Sebagai bentuk kewaspadaan, setiap desa di kawasan rawan bencana Gunung Merapi memiliki standard operating procedure (SOP) pada tiap status Merapi. Dengan begitu, warga bisa melakukan aktivitas keseharian secara normal.
Namun, kata Eko, hal itu tidak dimiliki wisatawan. Meskipun hanya berupa SOP, bekal ini penting bagi wisatawan untuk mengetahui apa yang harus dilakukan saat Merapi ditetapkan statusnya.
“Jangan sampai nanti saat Merapi meletus, warganya selamat namun wisatawan meninggal. Ini akan menjadi insiden buruk bagi industri pariwisata DIY,” katanya.
Dosen Fakultas Geologi UGM Agung Harijoko sependapat dengan Eko. Menurutnya, perkembangan teknologi saat ini lebih memudahkan sosialisasi ke pihak di luar Merapi.
“Dulu, karena keterbatasan akses informasi dan komunikasi, penetapan status Merapi masih menjadi perdebatan oleh masyarakat sendiri, bahkan dengan pemerintah,” katanya.

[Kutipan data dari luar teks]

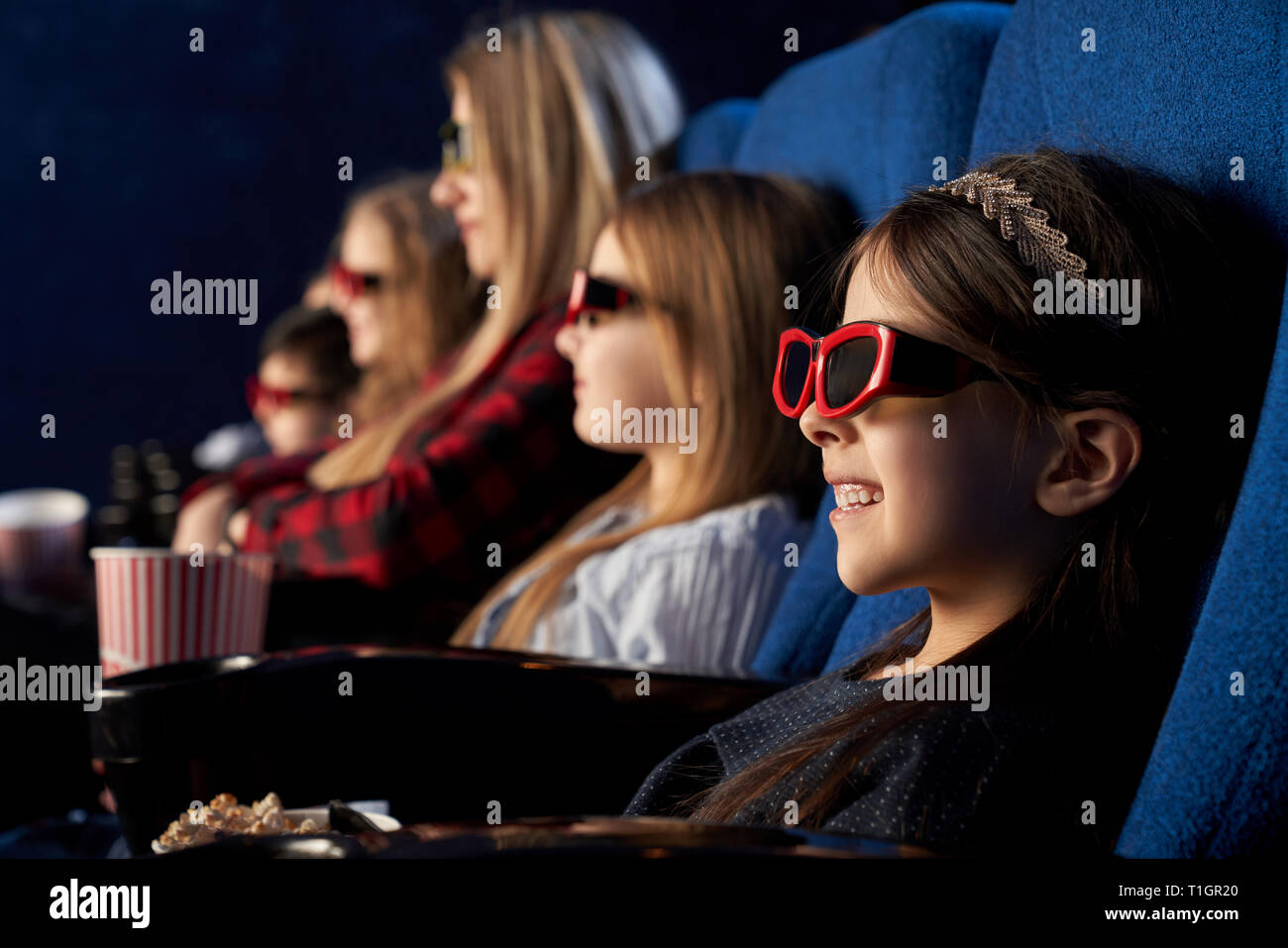 Fila di persone in cinema seduta, guardando un film o cartone animato. Carino e bella ragazza che indossa in occhiali 3d godendo di premiere del film. Foto Stock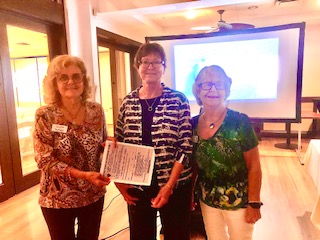 three women holding certificate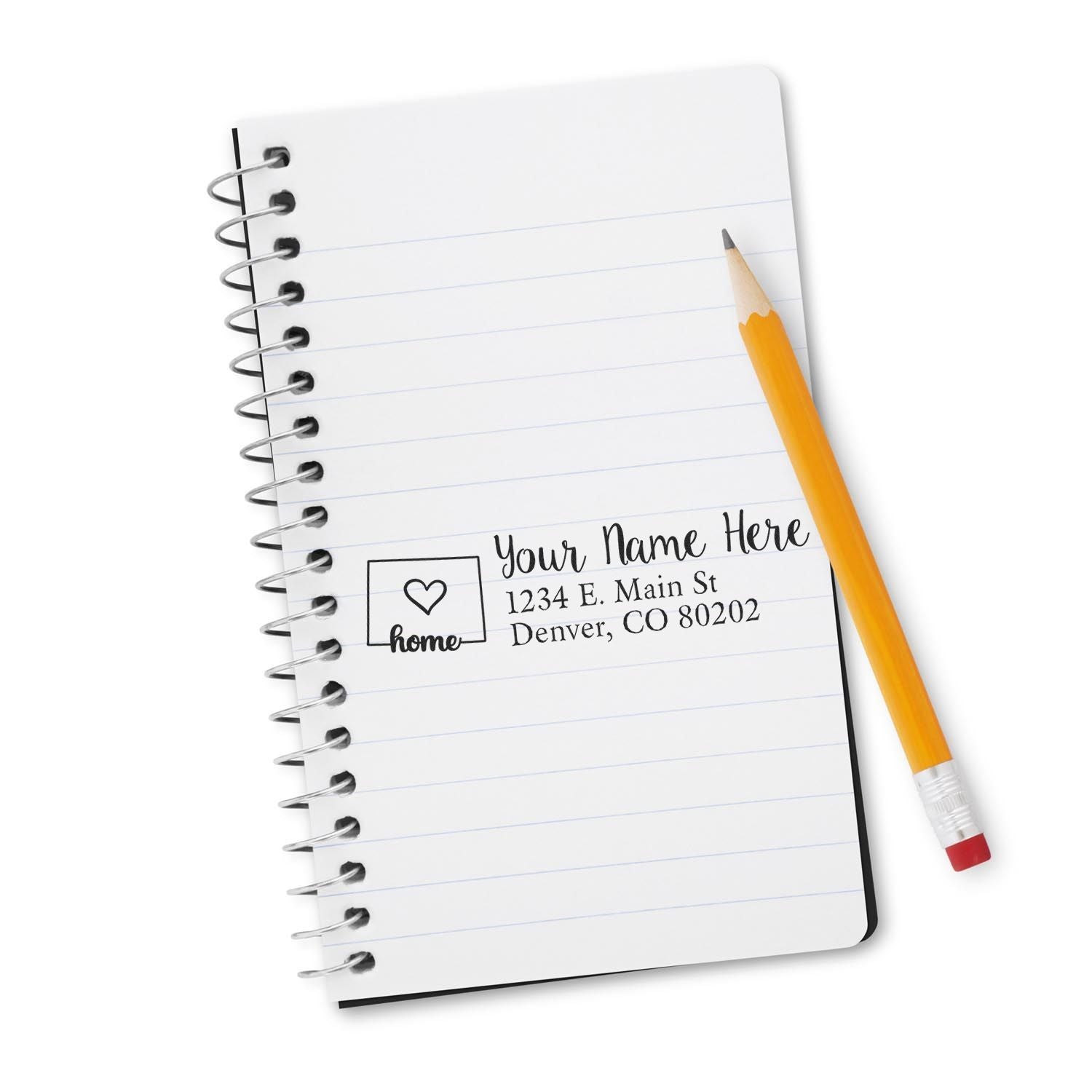 Personalized address rubber stamp on notebook with pencil, showing name, home icon and mailing address for custom return stamps.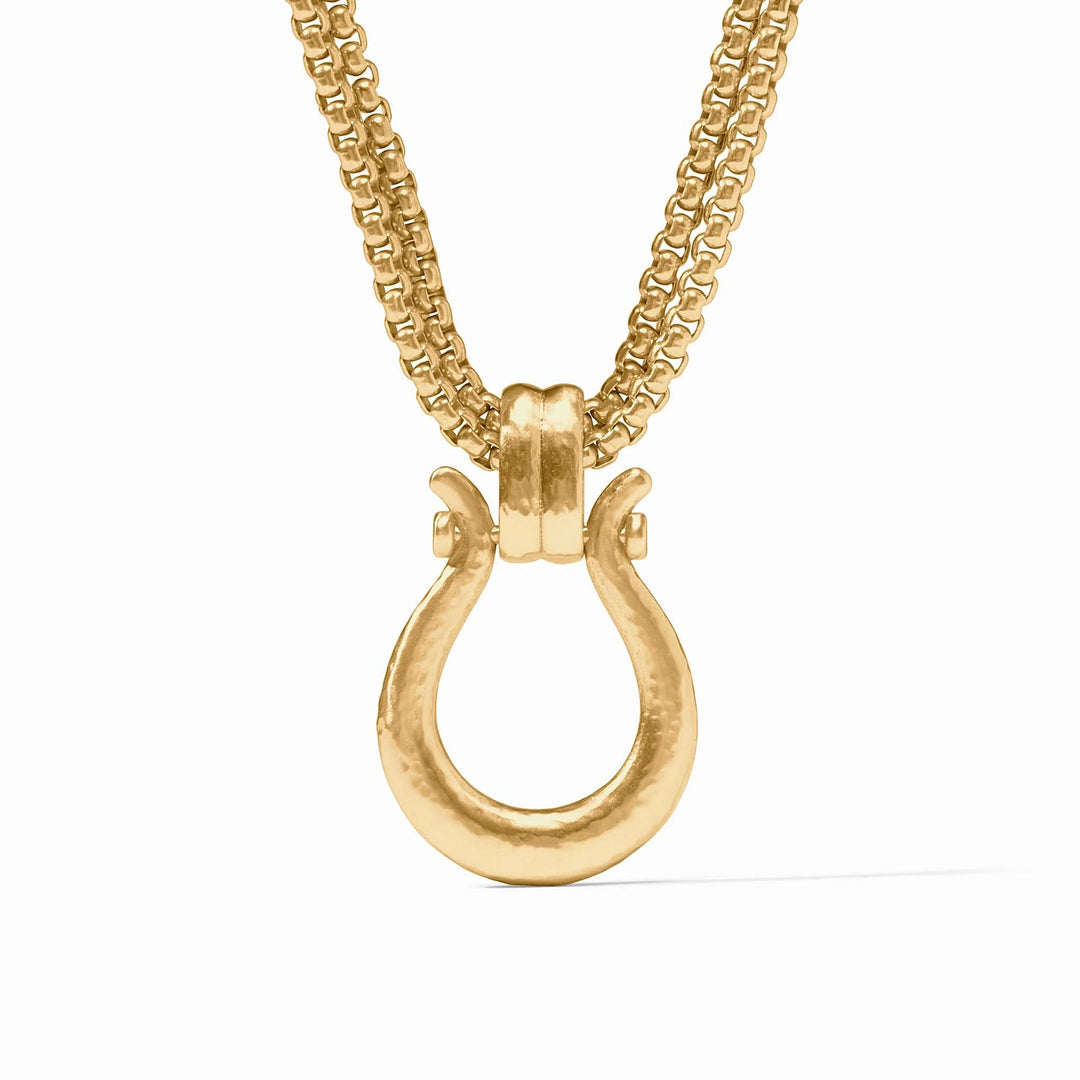 Gold necklace with a unique clasp on a white background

Namun sekarang, dengan peralatan canggih dan hasil pengamatan BPPTKG, kondisi Merapi bisa diketahui. Peningkatan status Merapi pun sewaktu-waktu dapat dipertanggungjawabkan dan bisa disebarkan secara luas dan cepat.
Kepala Dinas Pariwisata Sleman Sudarningsih menyambut baik usulan dua akademisi itu. Pasalnya, kawasan Gunung Merapi sampai sekarang menjadi objek wisata unggulan Sleman setelah Candi Prambanan.
“Dari 7,2 juta wisatawan pada 2017, sebanyak 1 juta mengunjungi kawasan wisata lereng Merapi. Jumlah sumbangan wisatawan Merapi menurun di tahun lalu 25 persen meski total kunjungan naik menjadi 8,3 juta," ungkapnya.
Menurutnya, jumlah kunjungan Merapi turun bukan karena penerapan status waspada selama setahun ini. Namun karena tak adanya atraksi wisata pada malam hari.
Ia pun menyambut baik ide Kepala BPPTKG dan coba mewujudkan atraksi wisata malam hari berupa panorama lava pijar Merapi.